Wav2Lip promises to reduce drudgery in video content creation

K V Kurmanath Updated - May 07, 2022 at 02:09 PM.

Talk for a minute and deepfake tech can generate hours of content

Even as fears of deepfake technology posing a threat to reputation worry celebrities and people in power, a Hyderabad-based start-up has developed an artificial intelligence-based solution that promises to revolutionise the way media houses, edtech companies and film production houses create visual content.

All it takes is just a minute’s video footage of a person, talking on any subject and the Wav2Lip solution developed by NeuralSync AI can make a video of that person talking for hours. The technology enables the person in the video to make perfect lip movements for the text that is fed into the system.

“It exactly looks as if that person is talking or reading the text. Why, you can even make the characters in the popular movie Pushpa speak in different (dubbed) languages with perfect lip movement, irrespective of the fact that different dubbing artistes are lending their voices,” Pavan Reddy, Chief Executive Officer of NeuralSync AI, told BusinessLine.

The AI-based solution catches the nuances of how lips are moved to spell words and juxtaposes the same when the newer words or dialogues are fed into the system.

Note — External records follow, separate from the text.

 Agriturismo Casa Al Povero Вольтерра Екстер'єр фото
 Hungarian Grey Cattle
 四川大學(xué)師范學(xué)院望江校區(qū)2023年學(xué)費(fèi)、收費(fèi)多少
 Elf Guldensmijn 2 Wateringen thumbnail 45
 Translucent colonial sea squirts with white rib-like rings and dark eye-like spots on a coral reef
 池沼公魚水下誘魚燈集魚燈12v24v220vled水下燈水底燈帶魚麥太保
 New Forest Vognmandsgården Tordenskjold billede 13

“Unlike similar tools available in the market, it is language and voice independent and works on any face, including CGI faces,” Rudrabha Mukhopadhyay, Founder and CTO of NeuralSync AI, said.

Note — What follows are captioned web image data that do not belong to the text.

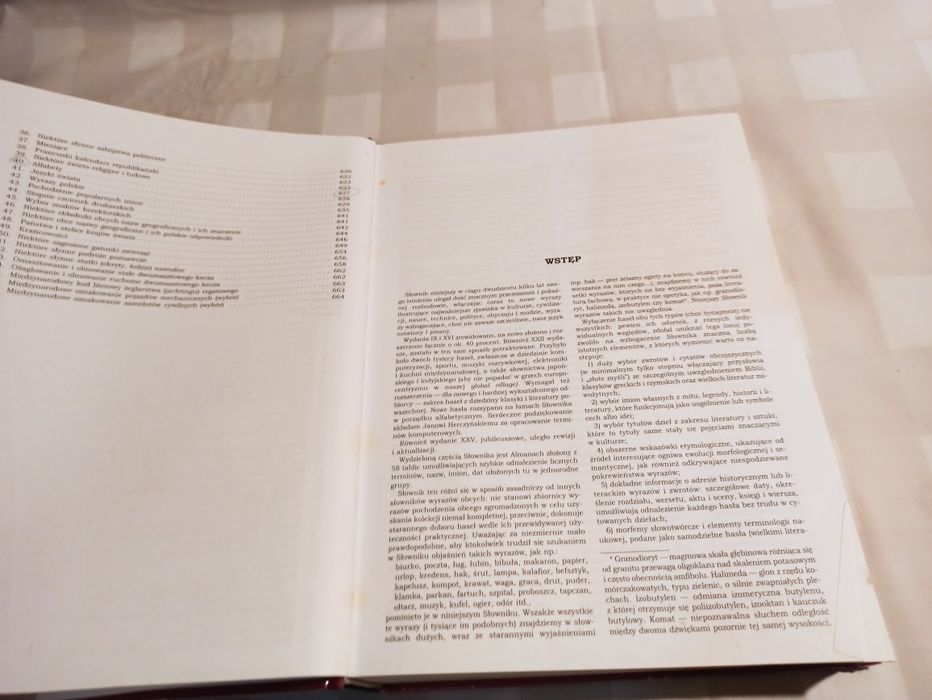 Słownik wyrazów obcych i zwrotów obcojezycznych z almanachem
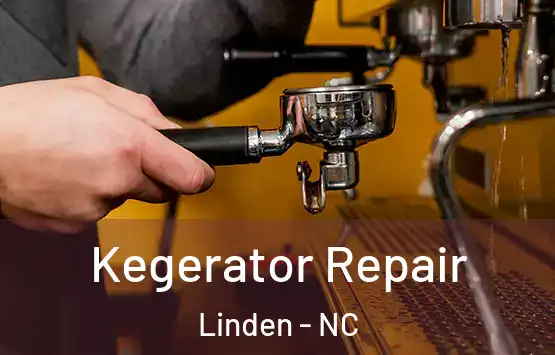  Kegerator Repair Linden - NC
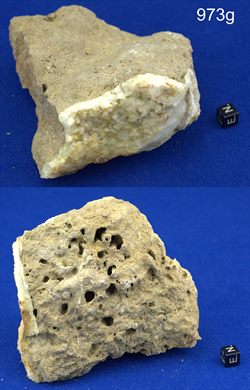 Amostra sem nome 973g (Peniche, Portugal)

“It started off with Rudrabha’s PhD’s project on the subject at the IIIT-H. We have translated the idea into a commercially viable technology solution. We’re incubated at the institute,” Reddy said.

Feeding the script

The product allows the users to feed a script and select an avatar of their choice, or create their own avatar with different backgrounds and create videos in minutes.

“Alternatively, users can also upload video and audio pair on the platform to generate lip-synced videos,” Reddy said.

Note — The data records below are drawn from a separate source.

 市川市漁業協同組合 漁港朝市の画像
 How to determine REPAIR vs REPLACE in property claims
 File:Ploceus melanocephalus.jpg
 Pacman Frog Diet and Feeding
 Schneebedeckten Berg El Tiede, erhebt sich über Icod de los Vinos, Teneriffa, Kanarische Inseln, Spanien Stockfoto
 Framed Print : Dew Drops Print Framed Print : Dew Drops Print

Within two months of its soft launch, NeuralSync AI has already signed two anchor clients, including a US media house that is using it to generating news and analysis videos.

“An edtech company in India too is using the technology to generate videos for their students,” he said.

Mukhopadhyay said the technology reduces operating costs and time to produce a video.

“With AI entering video-production, those mismatched lip movements will be a thing of the past,” he said.

After building a solution for the media and edtech sectors, NeuralSync AI is working on a version to address the needs of the film industry.

Pay per use

It charges $3-4 for a simple talking head for a minute. If there are more than one person in a frame, NeuralSync AI will charge $10 a minute. The start-up is in talks with a few Bollywood and Tollywood filmmakers, who have started making eye-popping pan-India movies.

NeuralSync AI is now targeting to further enhance the product and achieve global scale-up by joining an international incubator in the US.

Published on May 6, 2022 11:57